Bir süredir New York’un meşhur Wall Street’i eylemciler tarafından işgal edildi. Hem Amerikan hem de uluslararsı sermayenin yığıldığı bu sokaktan dünyaya yayılan bu isyan dalgası nedeniyle pek çok ülkede olaylar çıktı. Artık gizli kapalı kapılar ardında, gizli kapaklı hesaplarla kandırılmaktan, demokratik düzenin yalan dünyasından uyanan insanlar, patronlara rahatsızlıklarını ifade ediyorlar. Artık sömürülmek değil, üretilen toplam refahı daha adil paylaşmak istiyorlar. Bu hareket çağımız burjuvasına halkın indirdiği bir darbedir. Bu isyanlar demokrasilerin üzerindeki yeşil bulutu dağıtmak içindir. Belki isyan edenlerin bile çoğu farkında değil ancak bu isyan çağdaş kölelik sistemine karşı yapılmaktadır. Uzun yıllar önce kutuplaşmış dünyamızın iki kutbundan biri olan komünist sistem çökmüştü. Çökmüştü çünkü insan doğasına aykırı bir sistemdir. Ancak bugün, komünizm karşısında galibiyet elde eden kapitalizmin sancı çektiği bir dönemdeyiz. Kapitalizm acı içinde çünkü ancak sadece büyük balık küçük balığı yutar mantığı ile, ancak vahşi doğa yasaları ile, ancak para yasası ile temel buluyor. Sancı içinde çünkü gözünü para hırsı bürümüş büyük patronların fakir insanları sömürmesinin bir aracı olmanın ötesine gidemedi. Sancı içinde çünkü bu dünyada en çok emek sarf eden, en çok yorulan insanlar en düşük hayat standartlarında yaşarken, tek yaptığı adeta bir oyun oynar gibi rakamlarla oynamak olan patronlar kıralları kıskandıracak bir lüks içinde yaşıyor.

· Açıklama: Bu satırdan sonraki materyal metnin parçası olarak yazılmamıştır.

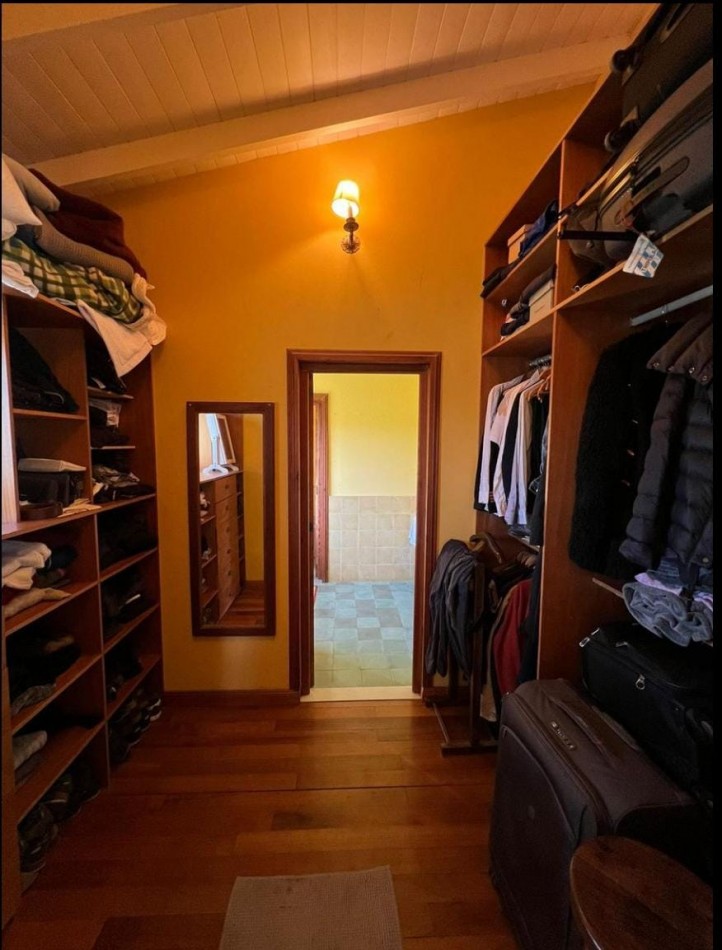 Casa de 300 m² en venta - Estancia Las Lilas, Lujan - Piscina, galeria, 1 o 2 ha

Kapitalizm vahşi doğa kanunlarına uygun olduğundan insan doğasına da daha uygun bir sistemdir. Bu nedenle komünizm karşısında galip geldi. Bu nedenle şu anda kadar dayandı. Ancak fazla hırs gözleri kör eder, riskleri göremez olur insan. İnsan, vahşi doğayı terk edip ilkellikten sıyrılıp medeniyete bürüneli çok zaman oldu. Eski alışkanlıklar kolay geçmiyor belki ancak, artık dünyada yükselen ses, para kanunun daha insancıllaştırılmasından, daha sosyalleştirilmesinden, daha adil bir sistem haline getirilmesinden yanadır. O halde ekonomik bir reforma ihtiyaç vardır. Keynes, Adam Smith’in çöken sistemini düzeltmişti. Ancak bugün Keynesyen ekonomi de çökmüştür. Çökmüştür çünkü devleti yönetenler seçilmiş de olsa büyük patronların etkisinden kurtulamamaktadır. Nasıl ki büyük patronlar yükselen kar grafiklerinin hayalini kuruyor ise, seçilmişler de tekrar seçilmenin hayalini kuruyor, koltuk sevdası ile yanıp tutuşuyorlar. Evet, bu sistem çökmüştür çünkü halkı anan oldu mu hiç?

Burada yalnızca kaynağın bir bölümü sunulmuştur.